• RECORDED DATA:
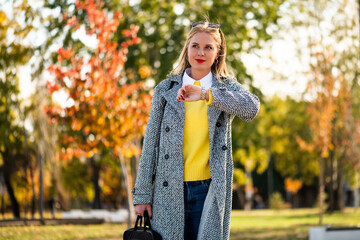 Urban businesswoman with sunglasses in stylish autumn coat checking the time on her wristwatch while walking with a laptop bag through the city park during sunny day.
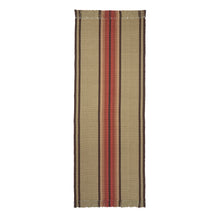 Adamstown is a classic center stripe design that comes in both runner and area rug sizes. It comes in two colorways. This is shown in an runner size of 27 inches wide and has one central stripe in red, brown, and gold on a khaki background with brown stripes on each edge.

...

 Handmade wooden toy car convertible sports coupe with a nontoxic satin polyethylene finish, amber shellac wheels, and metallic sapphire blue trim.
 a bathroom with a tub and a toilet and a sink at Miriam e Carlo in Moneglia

• PROBLEM STATEMENT:
Whatever else the listing above holds, retype exactly only the lines from the one containing "Handmade wooden toy" to the one containing "a bathroom with", both ends kept.

• TASK RESULT:
 Handmade wooden toy car convertible sports coupe with a nontoxic satin polyethylene finish, amber shellac wheels, and metallic sapphire blue trim.
 a bathroom with a tub and a toilet and a sink at Miriam e Carlo in Moneglia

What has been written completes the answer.